This question appears very trivial and might just be meaningless, so I put it up at the risk of embarrassing myself. However, since it is a genuine question. I still put it up. All thoughts are welcome.
Question: When trying to quantify the performance of a classifier. What advantages does RMSE offer over the Area under the Curve under the ROC metric? And what does the AUC offer that the RMSE does not? I find AUC very intuitive and prefer using it for classification tasks. But can I give a theoretical reason for using it above RMSE and the vice versa? Review committees have different preferences, some journals prefer reporting the RMSE while some prefer the AUC, some ask for both. Another example being – The 2010 KDD Cup used RMSE while the 2010 UCSD data mining competition used AUC.
Or is this a bad question to ask?
To paraphrase my question – What can be instances in which a classifier is deemed as “good” by the AUC measure and “not so good” by the RMSE measure. What would be the exact reason for such a different “opinion”? And in what situations should I use AUC and in what situations should I use RMSE?
Some Background : If they are equivalent, then you would expect a strong linear relationship (with a negative correlation). That means that for a perfect classifier RMSE would be zero and the AUC 1.
I always use both for all purposes. Here is a sample graph.
This is actually a very typical graph, and there are no surprises with it. If you leave out some “bad examples” such as those at (0.4, 0.65) and (0.38, 0.7), the graph has a good negative correlation (as measured by the line fit).
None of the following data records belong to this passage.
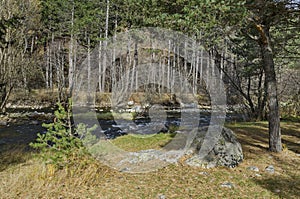 Beautiful view of the Rila mountain with forest and river Iskar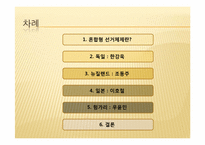 혼합선거체제 레포트-3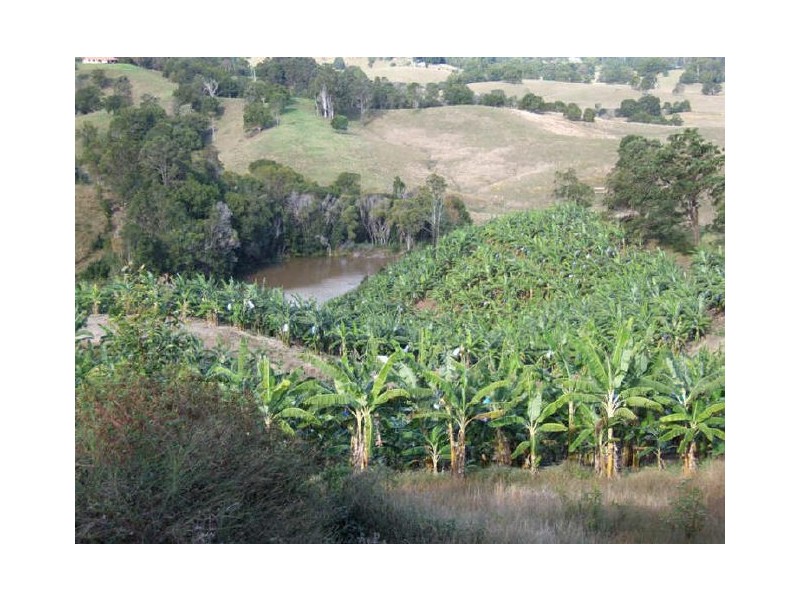 Murwillumbah NSW 2484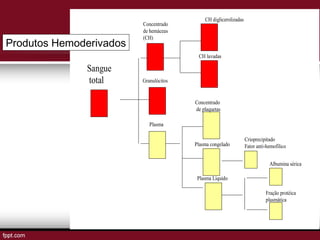 Sangue
total
Concentrado
de hemáceas
(CH)
Granulócitos
Plasma
CH diglicerolizadas
CH lavadas
Concentrado
de plaquetas
Plasma congelado
Plasma Líquido
Crioprecipitado
Fator anti-hemofílico
Albumina sérica
Fração protéica
plasmática
Produtos Hemoderivados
So, the question remains for me. What are the advantages and disadvantages of both?
Recommendations :
1. ROC Graphs : Notes and Practical Considerations for Researchers – Tom Fawcett
This paper (http://citeseerx.ist.psu.edu/viewdoc/summary?doi=10.1.1.73.587) looks at relationship between AUC and 0-1 loss, perhaps some things are relevant to RMSE. As far as which one to use, IMHO it should always come down to the “real loss” behind the learning task, ie, actual amount of time, money or energy wasted due to poor performance. For instance, in Netflix challenge, RMSE was the real loss (of money) because it corresponded directly to odds of winning the prize. 0-1 loss corresponds to real loss (of time) when classifier errors need to be manually corrected by a human. To be honest I can’t think of any real-life losses similar to AUC.
Yaroslav,
Thank you so much for your comment. I will say I have got “terms/keywords” for my little problem. :)
I have just returned to school, and was at a data mining startup for a while. At both places, I never really got an answer to this question. I always thought it was too stupid to ask as RMSE was a measure of some kind of loss while AUC was just a measure to rank classifiers based on the loss. I never really got how to measure how good a metric was. And the pros and cons of some of them around.
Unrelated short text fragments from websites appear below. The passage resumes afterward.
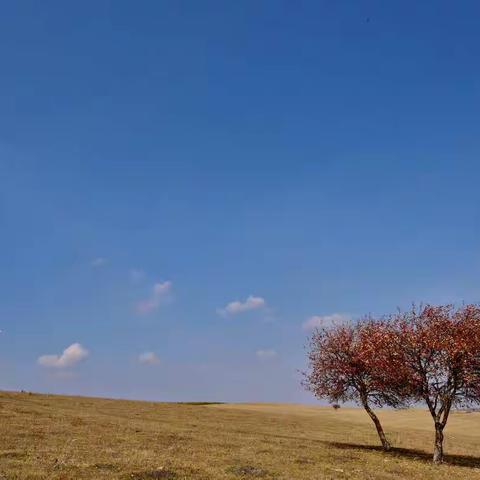 2019 国庆 - 塞罕坝 • 御道口 • 乌兰布统 • 克什克腾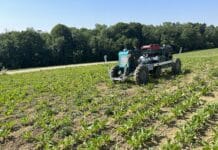 Dem Unkraut auf der Spur: Feldroboter im Praxistest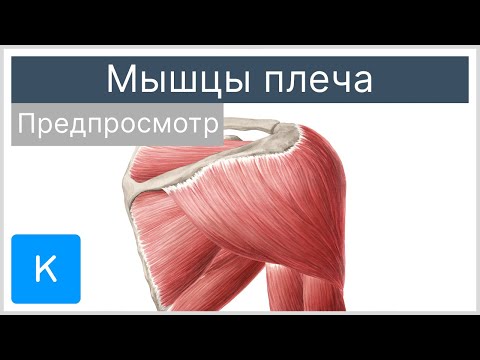 Мышцы плеча (предпросмотр) - Анатомия человека | Kenhub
And thank you for the paper by C Cortes (the SVM superstar!). I actually perused through ALL the papers that cite it.
I found these papers very interesting. And will take time next weekend to read them.
1. Generalization Bounds for the Area under the ROC Curve – Shivani Agarwal et al.
2. A Data-Dependent Generalization Error Bound for the AUC – Nicolas Usunier et al.
I also found this paper by Mark Reid very interesting – Information, Divergence and Risk for Binary Experiments. And these rule of the thumb articles titled ROC vs Accuracy vs AROC and Choice of Metrics by John Langford.
Thanks Again,
Shubhendu
Sir, your postings are really very informative. Its my first time visit to your blog & I was amazed by the depth of knowledge. Do post more relevant stuffs…..
It may help to consider situations in which the two measures disagree. Within the range of values one usually encounters, I’d expect there to be some correlation between RMSE and AUC. The question is: under what circumstances does a change cause one to improve, while the other deteriorates?
Yaroslav,
Funny that you speak of “real” loss.
As a commercial marketing data miner, I rather speak of “Real Gains” when using a model. For that you take into account : the fixed cost of a campaign, the variable cost (contact cost) which is function of the number of prospects targeted and of cause the cumulated net gains (=buy probability x unit profit), as compared to a rather random (or experienced guessed) selection of prospects.
See my blog post on this subject for a more elaborated discussion (http://bit.ly/3F99A6)
Zyxo.